● Aim of the task:
The line containing "result of a" marks the end; write out exactly every line from the start of the data up to and including it, without the pictures.

┌─ Input data

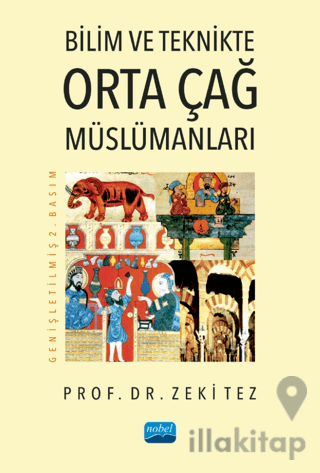Bilim ve Teknikte Orta Çağ Müslümanları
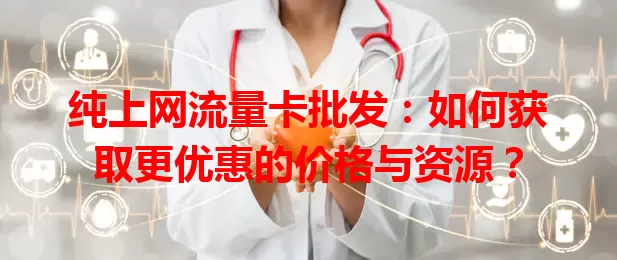 纯上网流量卡批发：如何获取更优惠的价格与资源？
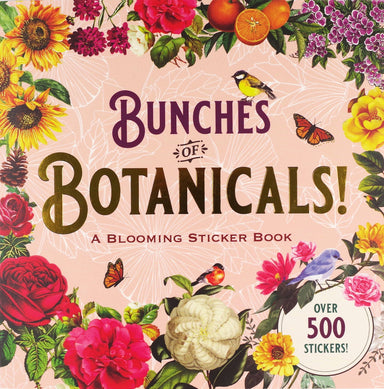 Bunches of Botanicals! A Blooming Sticker Book    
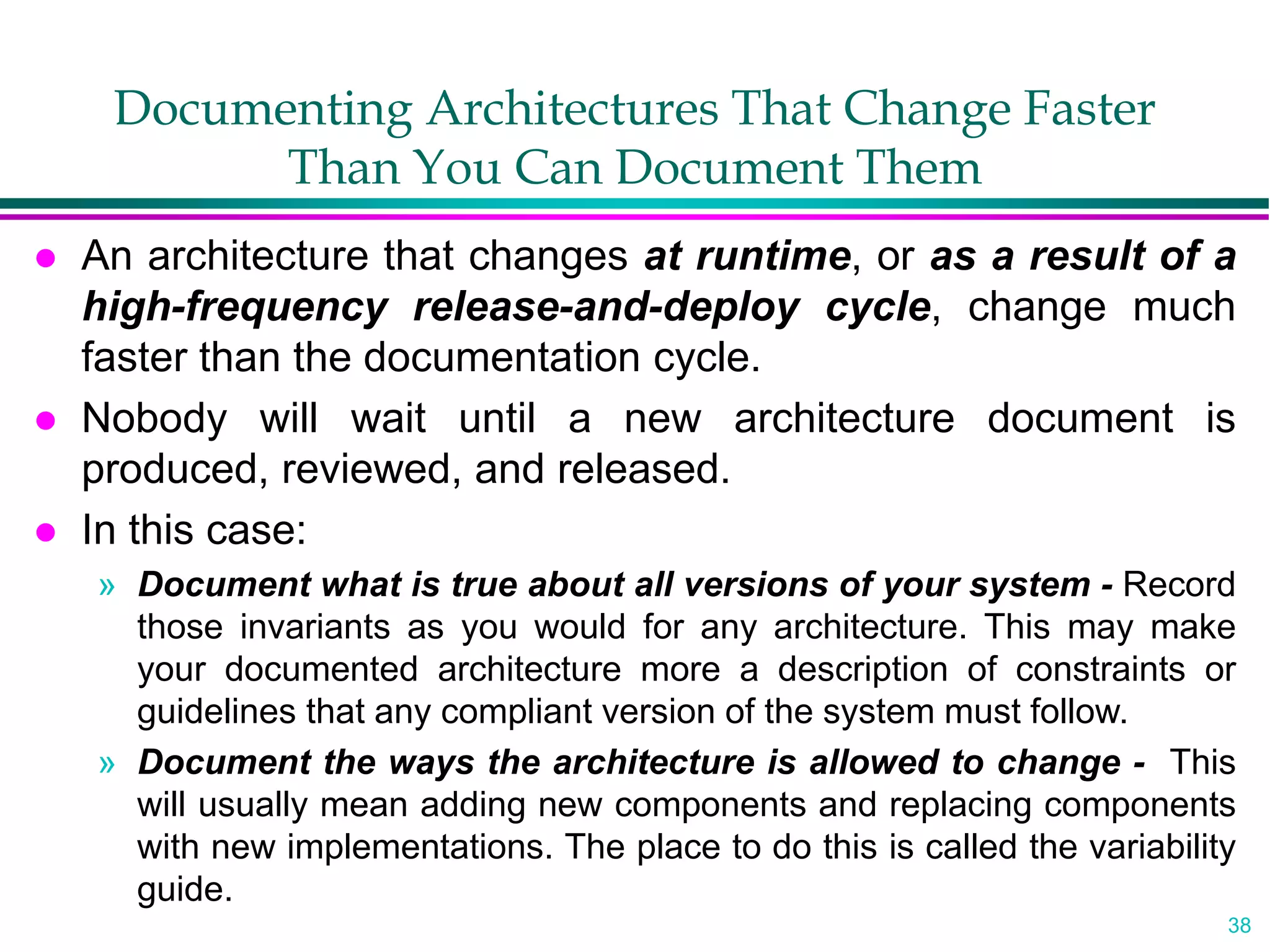 38
Documenting Architectures That Change Faster
Than You Can Document Them
 An architecture that changes at runtime, or as a result of a
high-frequency release-and-deploy cycle, change much
faster than the documentation cycle.
 Nobody will wait until a new architecture document is
produced, reviewed, and released.
 In this case:
» Document what is true about all versions of your system - Record
those invariants as you would for any architecture. This may make
your documented architecture more a description of constraints or
guidelines that any compliant version of the system must follow.
» Document the ways the architecture is allowed to change - This
will usually mean adding new components and replacing components
with new implementations. The place to do this is called the variability
guide.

└─

● Result of the task:
Bilim ve Teknikte Orta Çağ Müslümanları
 纯上网流量卡批发：如何获取更优惠的价格与资源？
 Bunches of Botanicals! A Blooming Sticker Book    
 38
Documenting Architectures That Change Faster
Than You Can Document Them
 An architecture that changes at runtime, or as a result of a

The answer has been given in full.